> [Work task]
When you copy from the entries that follow, take only the lines from the one with "益阳16年丰田汉兰达3" down to the one with "CBI_Workplace's tweet photo.", keeping both ends and dropping every picture.

> [Given records]
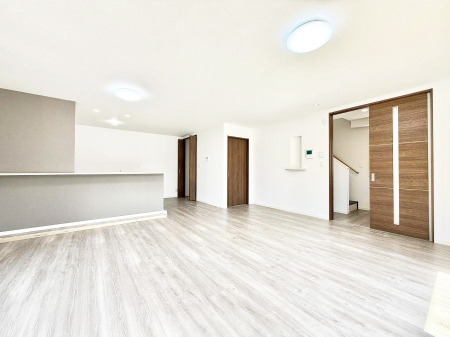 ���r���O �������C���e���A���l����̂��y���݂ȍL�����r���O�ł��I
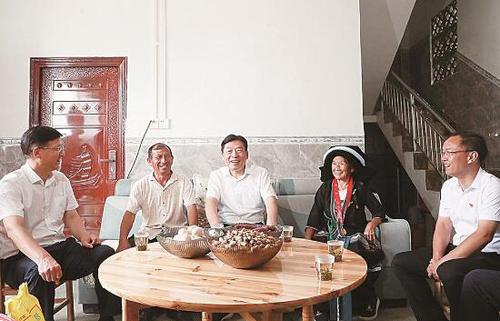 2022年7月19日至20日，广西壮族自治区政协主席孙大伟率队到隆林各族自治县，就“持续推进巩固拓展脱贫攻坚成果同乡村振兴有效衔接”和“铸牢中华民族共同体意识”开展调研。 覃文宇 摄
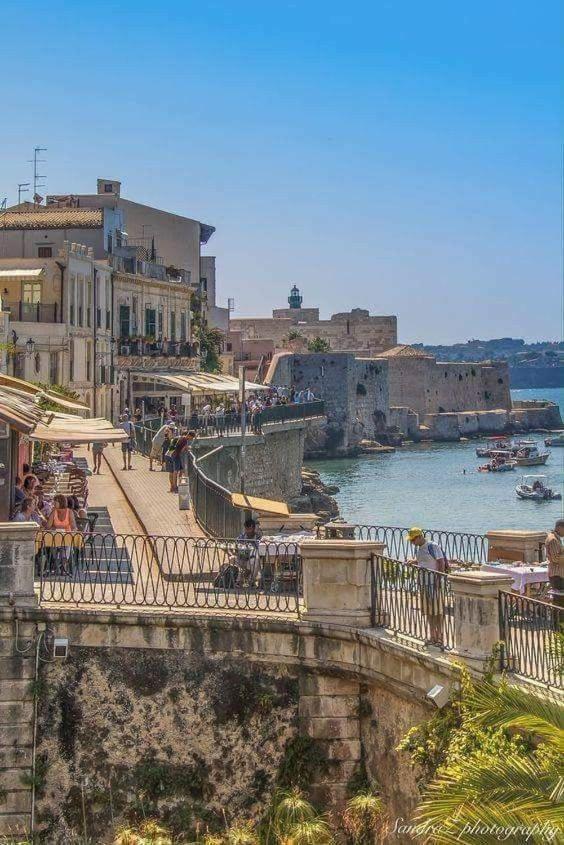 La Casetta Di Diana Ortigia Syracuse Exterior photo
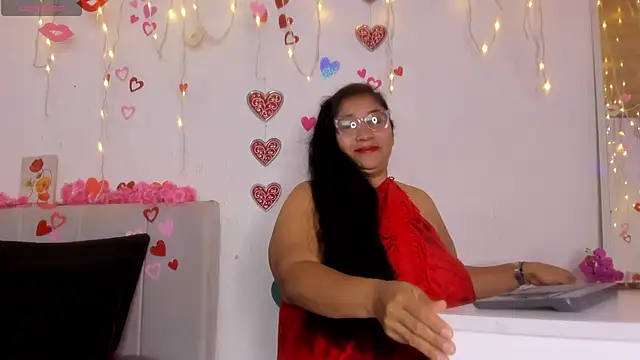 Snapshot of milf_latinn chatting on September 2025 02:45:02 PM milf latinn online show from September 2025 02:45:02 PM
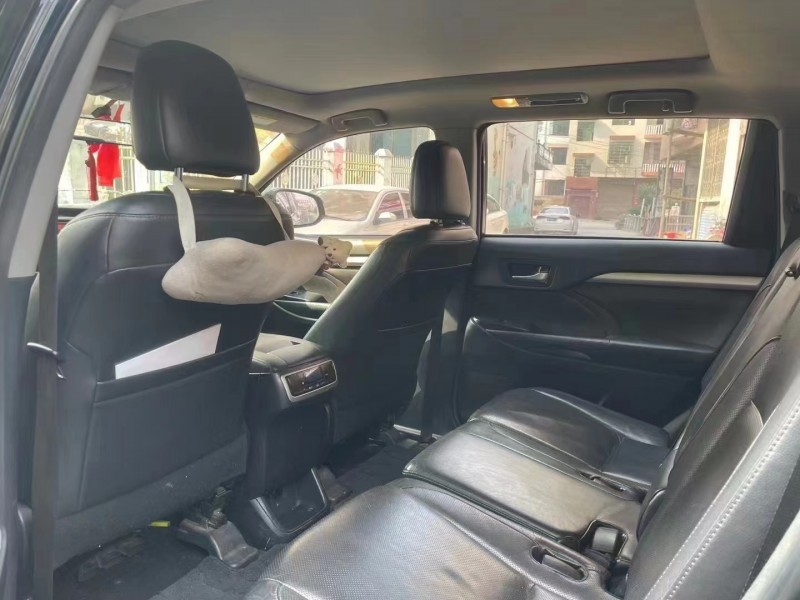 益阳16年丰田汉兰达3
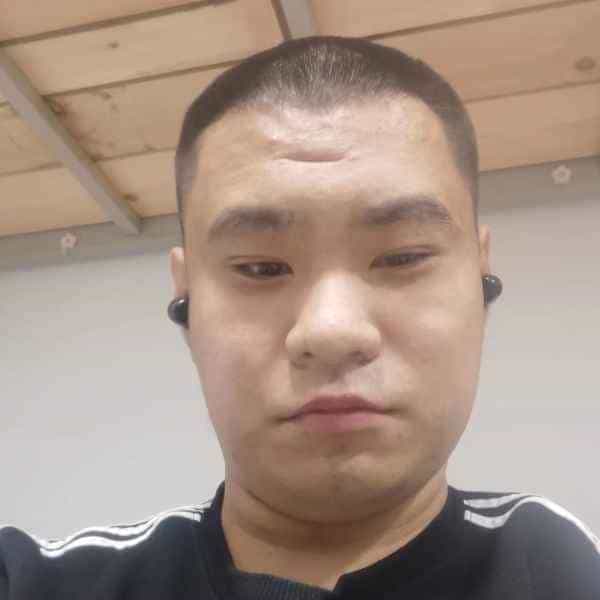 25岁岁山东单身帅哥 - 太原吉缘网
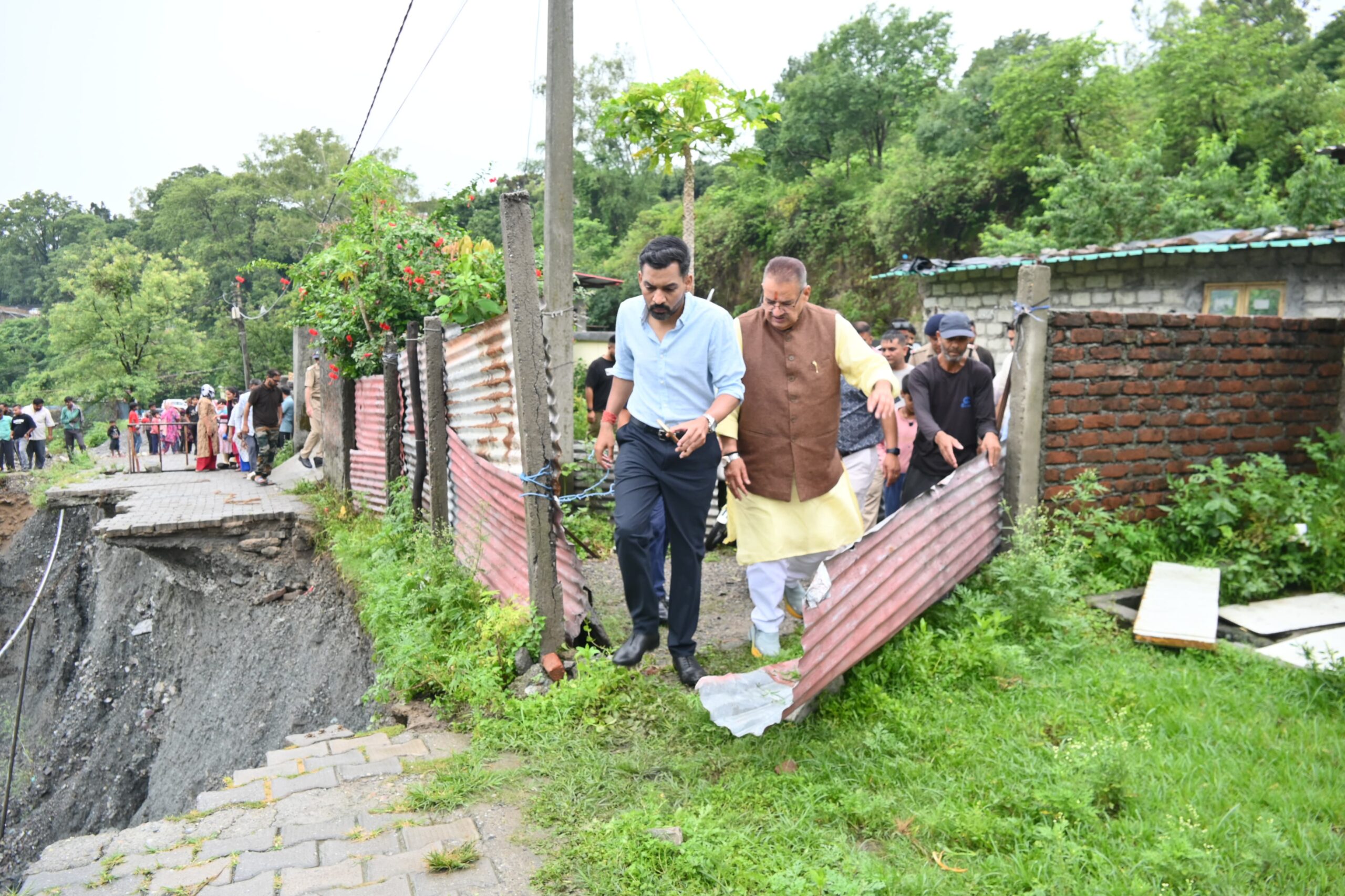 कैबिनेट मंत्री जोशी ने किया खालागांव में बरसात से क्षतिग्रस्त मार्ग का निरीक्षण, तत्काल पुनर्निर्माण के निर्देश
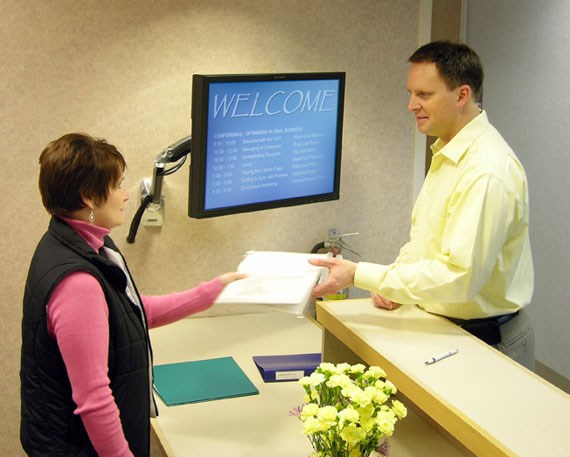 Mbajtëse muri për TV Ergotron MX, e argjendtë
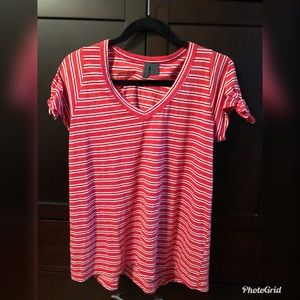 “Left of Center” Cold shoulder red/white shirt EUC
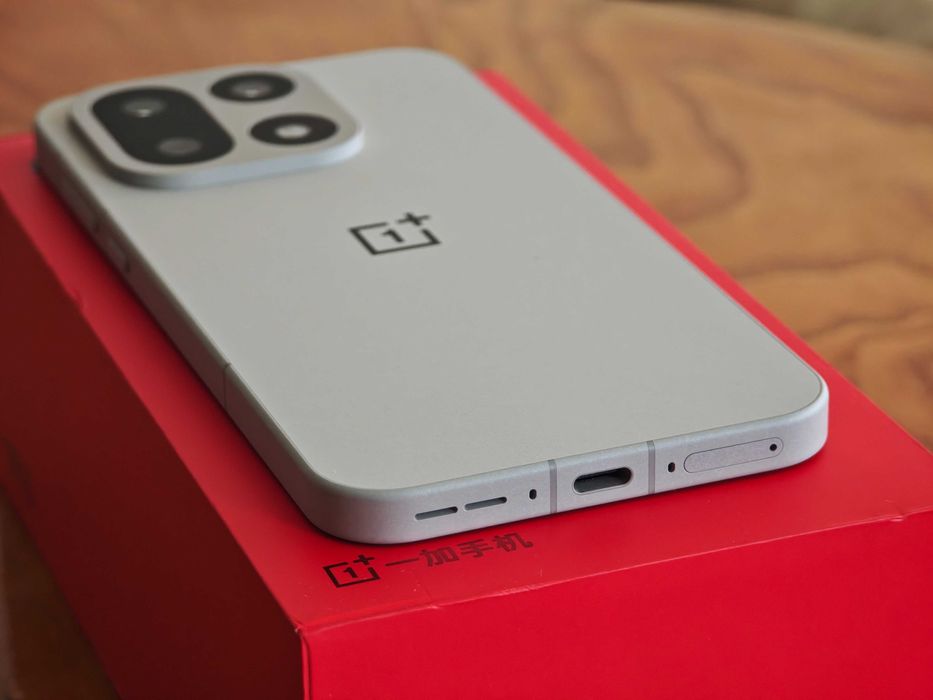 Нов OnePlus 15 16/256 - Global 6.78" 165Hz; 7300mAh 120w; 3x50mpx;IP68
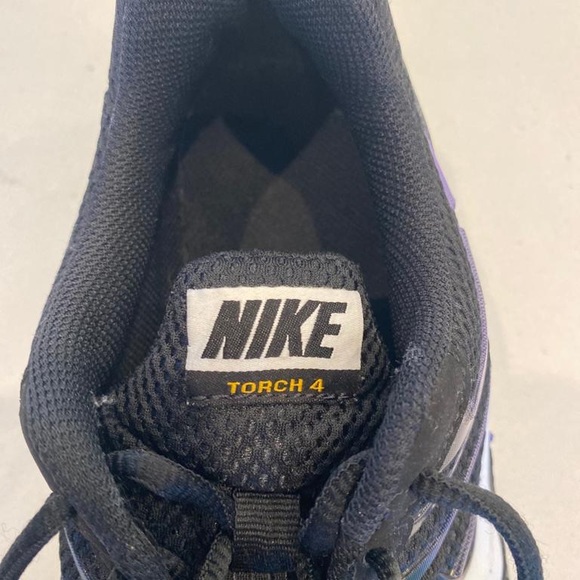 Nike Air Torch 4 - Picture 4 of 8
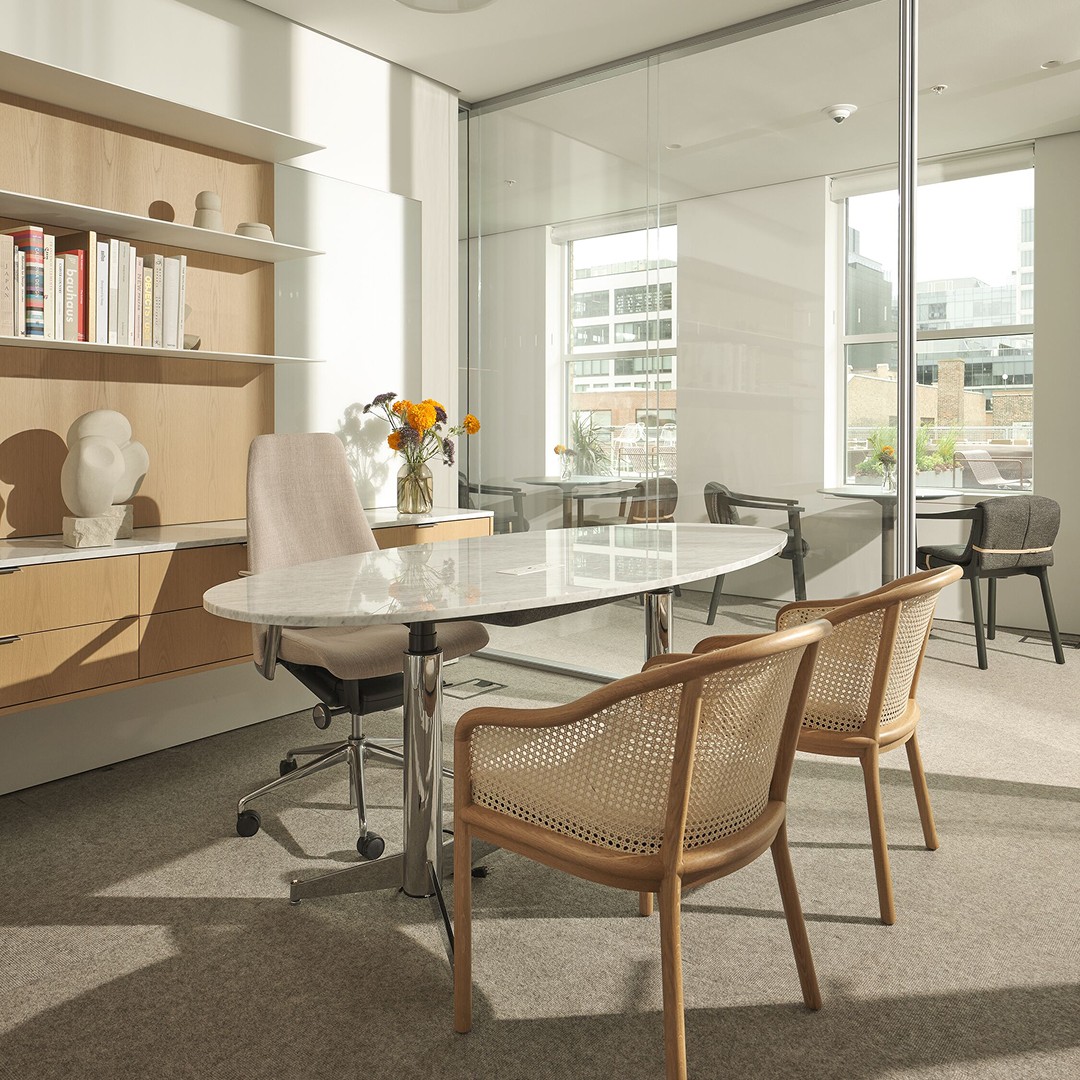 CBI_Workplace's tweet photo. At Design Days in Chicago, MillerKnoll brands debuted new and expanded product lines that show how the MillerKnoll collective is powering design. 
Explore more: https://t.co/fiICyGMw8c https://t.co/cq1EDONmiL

> [Task response]
 益阳16年丰田汉兰达3
 25岁岁山东单身帅哥 - 太原吉缘网
 कैबिनेट मंत्री जोशी ने किया खालागांव में बरसात से क्षतिग्रस्त मार्ग का निरीक्षण, तत्काल पुनर्निर्माण के निर्देश
 Mbajtëse muri për TV Ergotron MX, e argjendtë
 “Left of Center” Cold shoulder red/white shirt EUC
 Нов OnePlus 15 16/256 - Global 6.78" 165Hz; 7300mAh 120w; 3x50mpx;IP68
 Nike Air Torch 4 - Picture 4 of 8
 CBI_Workplace's tweet photo. At Design Days in Chicago, MillerKnoll brands debuted new and expanded product lines that show how the MillerKnoll collective is powering design. 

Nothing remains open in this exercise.